このような暴露による悪影響の閾値は、データ不足のため推測するしかない。Lin)は、蝸牛の有毛細胞の損傷による騒音性難聴の閾値として従来から認められている120 dB re 20μPaに基づいて、頭蓋内圧を20 Paとする「組織損傷レベル」を提案している。Lubnerらは、超音波洗浄槽(40kHzで115dB)による作業員の「疲労、ブザー音、吐き気、頭痛の訴え」など、20kHz以上の超音波曝露によるさまざまな聴神経症状を記述し、超音波曝露による永久的な聴神経障害について「さまざまな結論」を述べている)。1に示すピーク音圧はこれらのレベルをはるかに超えているが、被ばく量の差はかなり大きい。特に、TAによる圧力波は、頭部に入射する超音波とは対照的に、体表付近の組織で発生する。Dagroらは、ピーク音圧をプロ(アメリカ)サッカー選手の典型的な頭部衝撃で見られる引張圧力と比較したが、暴露時間や最高圧力レベルで暴露される脳組織の体積の違いにより、このような比較の解釈は困難である。
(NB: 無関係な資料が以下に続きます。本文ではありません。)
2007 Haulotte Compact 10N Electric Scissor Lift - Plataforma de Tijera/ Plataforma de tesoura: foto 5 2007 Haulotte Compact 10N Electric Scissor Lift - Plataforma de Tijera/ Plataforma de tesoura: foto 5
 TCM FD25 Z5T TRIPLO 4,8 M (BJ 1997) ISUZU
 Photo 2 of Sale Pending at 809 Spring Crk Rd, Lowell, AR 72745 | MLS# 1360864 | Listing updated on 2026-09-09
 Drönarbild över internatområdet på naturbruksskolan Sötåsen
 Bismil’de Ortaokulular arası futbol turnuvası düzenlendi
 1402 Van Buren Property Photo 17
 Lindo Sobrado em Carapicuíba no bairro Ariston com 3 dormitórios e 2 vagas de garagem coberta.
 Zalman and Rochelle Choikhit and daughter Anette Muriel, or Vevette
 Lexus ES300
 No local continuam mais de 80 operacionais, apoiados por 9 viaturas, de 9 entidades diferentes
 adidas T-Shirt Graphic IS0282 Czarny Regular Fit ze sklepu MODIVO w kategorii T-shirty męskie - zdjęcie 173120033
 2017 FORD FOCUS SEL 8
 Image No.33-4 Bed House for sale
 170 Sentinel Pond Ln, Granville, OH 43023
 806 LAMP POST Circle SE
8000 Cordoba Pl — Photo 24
超音波による脳組織へのダメージの閾値ははるかに高い。例えば、「低エネルギー」超音波は、患者の痛み緩和(neuromodulation)のために臨床的に使用されているが、重大な副作用は報告されていない)。脳の特定の部位への曝露レベルは、通常、250-500 kHzで100 kPa(194 dB)を超えるピーク音圧である)。

以上の考察から、聴神経系との相互作用は、脳組織そのものへのダメージよりもはるかに低い被ばく量で、有害だが可逆的な影響をもたらす可能性があることが示唆された。

考察と結論

私たちは、フレイ効果を「武器化」できないか考えている。既存のマイクロ波システムは、予期しない、おそらく恐ろしい聴覚を誘発するのに十分なフルエンスでパルスを発生させることができるが、装置が大きく、非常に目立つことになる。

例えば、AN/FPS-67Bレーダーは1.3GHzで6μsのパルスを発生させ、ピーク送信電力は1.9MW(1パルス11J)である。ある技術者は、アンテナから45m離れたメインビーム内にいるとき、「明らかに気が散るが、苦痛ではない」聴覚反応を示したという。彼の場所でのピークRF電界強度は4.6 kV/m、パルスフルエンスは約0.3 J/m2で、これは聴覚反応を誘発する閾値に近い(RF曝露は時間平均曝露で表される安全限界をはるかに下回っていた)。アンテナサイズが大きく(37×15m)、パルスによる電磁波干渉の可能性が高いため、このような送信機の存在は非常に明白である。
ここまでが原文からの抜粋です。